Section 19 of the FSMA provides that no person may carry on a regulated activity in the UK, or purport to do so, unless they are an authorised or exempt person. The prohibition is referred to in this act as the 'general prohibition'.

It is also a criminal offence to contravene the general prohibition and is punishable by up to two years imprisonment.

For the purposes of this act, an activity is one of a specified kind that is carried on by way of business and relates to an investment of a specified kind or is carried on in relation to property of any kind (section 22).

Generally speaking, specified investments are those pertaining to financial products which include, for instance, shares, deposits, futures, options, and rights under regulated mortgage contracts.

Regulated activities can include the management of, advising on and promotion of those specified investments. Significantly, it also includes - together with section 22 of the FSMA - the establishment, operation or winding up of a collective investment scheme.

How is it that Watkins & Co fell foul of FSMA and the FSA? Land is not a specified investment and so the sale of land, even at prices which produce disproportionate profits for the operator, is not in itself a regulated activity.

The FSA's interest in these activities arises as a result of the suggested operation of a collective investment scheme, or of someone purporting to operate one.

What is a collective investment scheme?

In essence a collective investment scheme arises when the people who are to participate do not have day-to-day control over the management of the property, and either the contributions of the participants and the profits - or income out of which payments are to be made to them - are pooled or the property is managed as a whole by or on behalf of the scheme operator.

Essentially the FSA claimed Watkins' sales staff told his customers that he would seek planning permission for them and also help them resell the land at a profit.

The FSA claimed that the promise of his business to apply for planning permission and manage a resale of the land brought the mechanics of his operation within the definition of a collective investment scheme - there was no day-to-day control by the participants of the scheme and management of the investment was undertaken only by Watkins' business.

In fact the FSA claimed Watkins had no intention of seeking permission or helping his purchasers, many of whom paid him their life savings.
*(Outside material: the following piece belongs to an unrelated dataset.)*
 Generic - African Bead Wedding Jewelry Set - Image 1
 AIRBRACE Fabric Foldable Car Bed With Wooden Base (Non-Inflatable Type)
Unfortunately for Watkins, it is not only unlawful to operate a collective investment scheme, but also to purport to operate one.

Consequences of breaching the prohibition

Under the FSMA an agreement made by a person in the course of carrying on any regulated activity in contravention of the general prohibition is unenforceable against the other party. This includes, among many other examples, running a collective investment scheme or a deposit-taking business. The other party can recover any money or other property paid or transferred by him, and compensation for any loss sustained by him as a result of having parted with it. The FSA can close the offender down, freeze his assets and seek recovery of all monies paid in. Bankruptcy proceedings may follow.

More pertinently, at the outset of proceedings, the FSA may apply for injunctive relief against the operator, stopping them from operating and freezing his assets. Even when the scheme is operated by a limited liability company, the principles behind it may also be joined in these proceedings. Reference has also been made to the criminal consequences of carrying on a regulated activity without authorisation.

The moral for entrepreneurial businesses is to ensure that whatever product they may be selling to the retail market, the product is not sold via any mechanism which could be construed as a collective investment scheme and thus attract the attention of one of the UK's fiercest regulators.